The mean \(\mu\) and standard deviation \(\sigma\) of a normal distribution define a bell-shaped density curve. The density curve is symmetrical, centered around its mean, and its spread is determined by its standard deviation, indicating that data close to the mean occur more frequently than those further from it.

At a given point \(x\), the probability distribution function of a normal density curve with mean \(\mu\) and standard deviation \(\sigma\) is: $\({\displaystyle f(x)={\frac {1}{\sigma {\sqrt {2\pi }}}}e^{-{\frac {1}{2}}\left({\frac {x-\mu }{\sigma }}\right)^{2}}}\)$

# df = pd.DataFrame({'x':np.linspace(-10.0,10.0,200)})
# df = df.assign(y = norm.pdf(df.x))

The following code plots the density of the normal distribution where the location (loc) keyword specifies the mean. The scale (scale) keyword specifies the standard deviation

mu = 0
sd = 1

(ggplot(pd.DataFrame(data={"x": [-5, 5]}), aes(x="x"))
    + stat_function(fun=lambda x:  norm.pdf(x, loc = mu, scale = sd)))
_images/Chapter5_Practical_Statistics_88_0.png
<ggplot: (311062993)>
from scipy.stats import *
import matplotlib.pyplot as plt
fig, ax = plt.subplots(1, 1)

x = np.linspace(norm.ppf(0.01),
                norm.ppf(0.99), 100)
ax.plot(x, norm.pdf(x),
       'r-', lw=1, alpha=0.6, label='norm pdf')
[<matplotlib.lines.Line2D at 0x128930e50>]
_images/Chapter5_Practical_Statistics_89_1.png

Exercise:

  1. What percent of data falls within 1 standard deviation above the mean?

  2. What percent of data falls within 2 standard deviation above the mean?

Hint: use norm.cdf(x, loc, scale) cumulative distribution function.

Exercise:

  1. Generate \(n = 10000\) random numbers from standard normal distribution.

  2. Plot the histogram of those \(n\) random numbers and superimpose the kernel density estimate of the histogram.

# random numbers from normal distribution
n = 1000
mu = 0
sd = 1

data_norm = pd.DataFrame({'x':norm.rvs(size=n, loc = mu, scale=sd)})
(
    ggplot(data_norm) +  # What data to use
    aes('x') +  # What variable to use
    geom_histogram(aes(y=after_stat('density')), bins = 50, fill ='gray', colour ='black') + # Geometric object to use for drawing
    geom_density(aes(y=after_stat('density')),colour ='cyan') 
)
_images/Chapter5_Practical_Statistics_93_0.png
<ggplot: (311126465)>

5.4.4. Poisson Distribution

Typically, a Poisson random variable is used to model the number of times an event occurs in a certain time frame. A Poisson process, for example, might be considered as the number of users who visit a website at a certain interval.

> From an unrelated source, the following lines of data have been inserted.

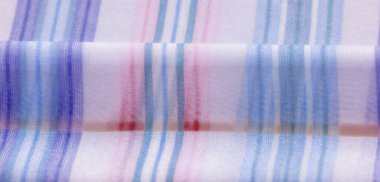 Pembe, mavi ve lavanta çizgili bulanık pastel kumaş. Kumaşın yumuşak, havadar dokusu ve akan kıvrımları, tasarım için ideal, ışık ve rüya gibi bir ortam ekler..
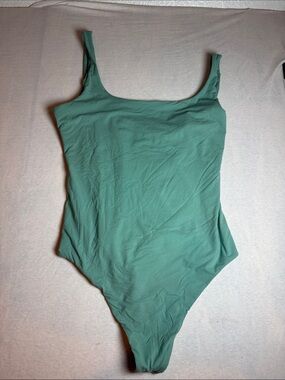 Auden Women's Luxe Stretch Fully Lined Bodysuit in Green
Bin 9 # 22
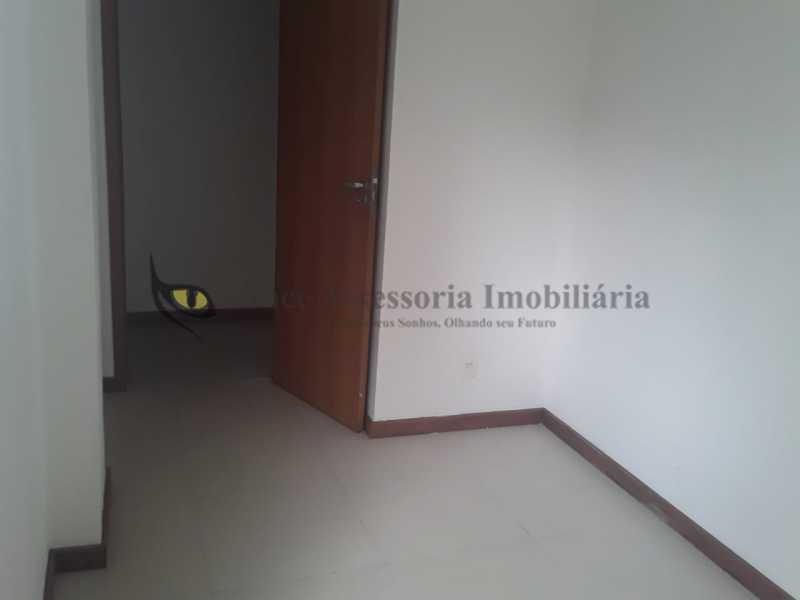 Apartamento à venda com 2 quartos, 81m² - Foto 7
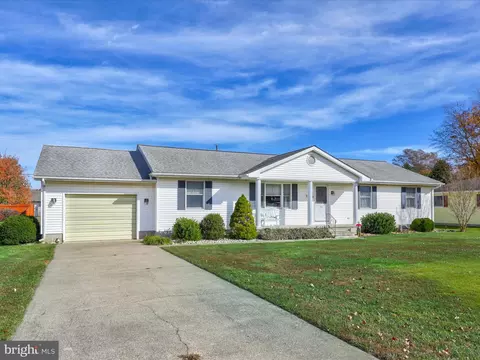 18383 Locust Ln, Lewes, DE 19958
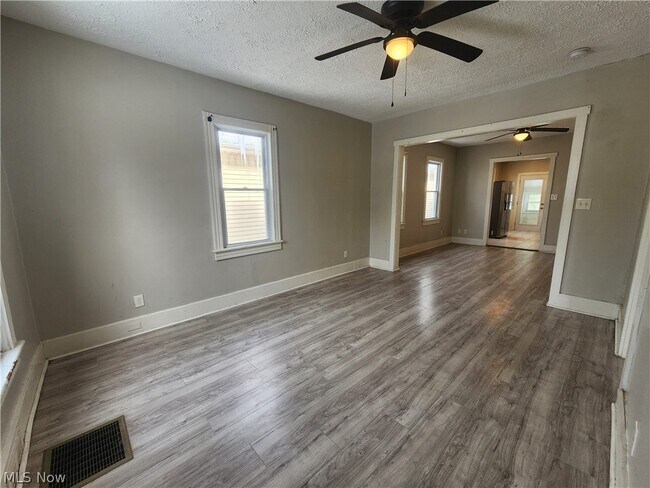 Foto del edificio - 3709 E 69th St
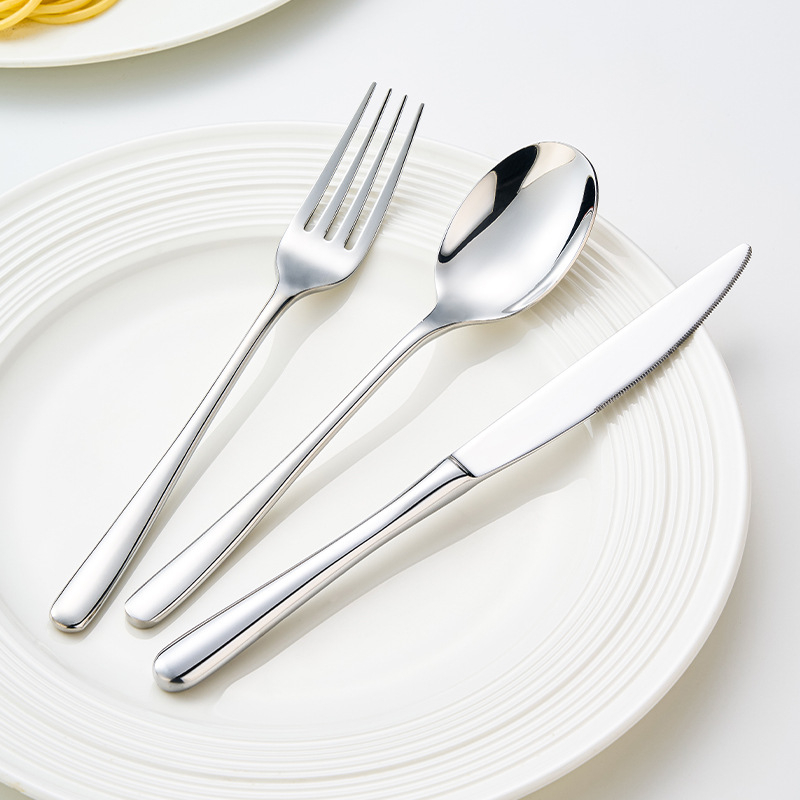 Set príborov z 316L nerezovej ocele – leštený do lesku, hrubý nôž, vidlička a lyžica, moderný minimalistický štýl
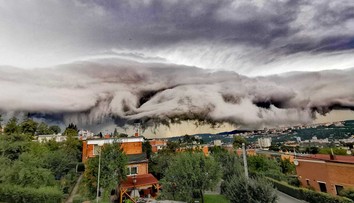 VIDEO: V blízkosti našich hraníc vznikol hrozivý oblak. Ľudia ho prirovnali k Mordoru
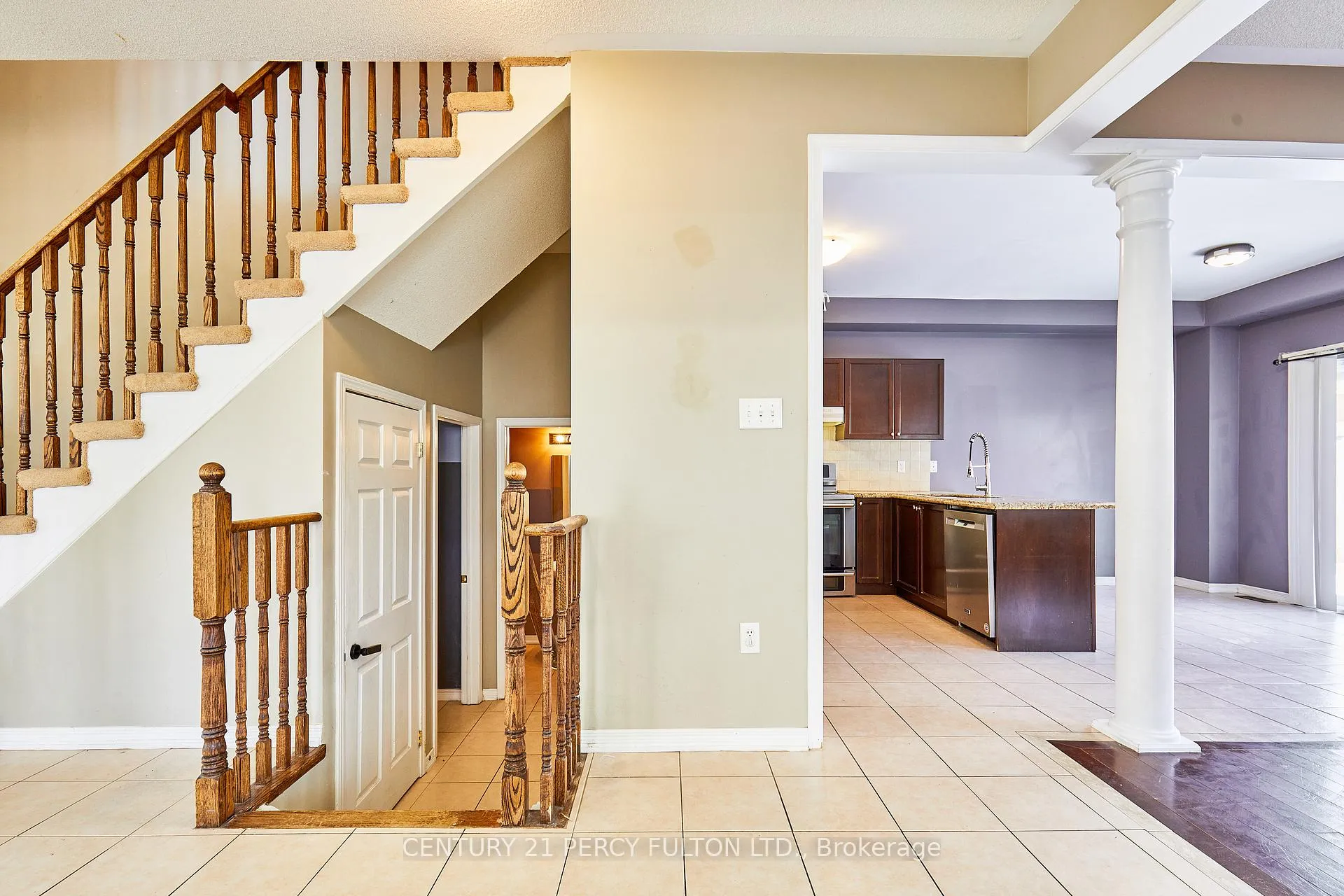 Photo 14 of 91 Laprade Square, Clarington, Bowmanville — HOMEH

The rate (\(\mu\)) at which events occur is given by the Poisson distribution. In a certain interval, an event can occur 0, 1, 2,… times.

The average number of events in an interval is designated \(λ\) (lambda). The event rate, commonly known as the rate parameter, is \(\lambda\).

The following equation gives the likelihood of seeing \(k\) events in a given interval: $\(\!f(k; \lambda)= \Pr(X{=}k)= \frac{\lambda^k e^{-\lambda}}{k!},\)$

5.4.4.1. Poisson Distribution Function

It is worth noting that

  1. the normal distribution is a special case of the Poisson distribution with parameter \(\lambda \rightarrow \infty\).

  2. In addition, if the intervals between random events follow an exponential distribution with rate \(\lambda\), then the total number of occurrences in a time period of length \(t\) follows the Poisson distribution with parameter \(\lambda t\).

Exercise:

  1. Generate \(n = 1000\) random numbers from a Poisson distribution with rates \(\lambda = 1\) and \(\lambda = 4\).

  2. Plot the histogram of those \(n\) random numbers.

  3. Create the frequency distribution of the random numbers generated and compare with those numbers (frequencies) obtained from the Poisson distribution with the specified parameter values.

Before attempting to answer questions, we first plot the pmf of a Poisson distribution.

The following python codes plot the pmf of a Poisson distribution using matplotlib and plotnine.

fig, ax = plt.subplots(1, 1)

mu = 4

x = np.arange(poisson.ppf(0.01, mu),
              poisson.ppf(0.99, mu))
ax.plot(x, poisson.pmf(x, mu), 'bo', ms=8, label='poisson pmf')
ax.vlines(x, 0, poisson.pmf(x, mu), colors='b', lw=5, alpha=0.5)
<matplotlib.collections.LineCollection at 0x128b25590>
_images/Chapter5_Practical_Statistics_97_1.png
mu = 4

(ggplot(pd.DataFrame(data={"x": [0,10]}), aes(x="x"))
    + stat_function(geom='bar', fun=lambda x:  poisson.pmf(x, mu)))
_images/Chapter5_Practical_Statistics_98_0.png
<ggplot: (311160229)>
  1. Generate \(n = 1000\) random numbers from a Poisson distribution with rates \(\lambda = 1\) and \(\lambda = 4\).

Ans: We use poisson.rvs to generate \(n\) random number from the Poisson distributin with \(\lambda = 4\).

# random numbers from Poisson distribution

n = 1000
mu = 4

data_poisson = pd.DataFrame({'x':poisson.rvs(mu, size=n, random_state=888)})

By the method of moments, we can obtain the parameter of the Poisson distribution by matching

Model : X ~ Poisson(lambda)

E[X] = lambda = X_bar = sample mean

The estimate of lambda (lambda~ = sample mean)

lambda_est = data_poisson['x'].mean()

print(lambda_est)
4.033
  1. Plot the histogram of those \(n\) random numbers.

Ans: The histogram can be obtained as follows:

(
    ggplot(data_poisson) + 
    aes('x') + 
    geom_histogram(aes(y=after_stat('count')), binwidth=1,color='black',alpha=0.5 )
)
_images/Chapter5_Practical_Statistics_104_0.png
<ggplot: (279189929)>
  1. Create the frequency distribution of the random numbers generated and compare with those numbers (frequencies) obtained from the Poisson distribution with the specified parameter values.

Ans: We can simply create a frequency table using value_counts. Note that we also specify sort=False.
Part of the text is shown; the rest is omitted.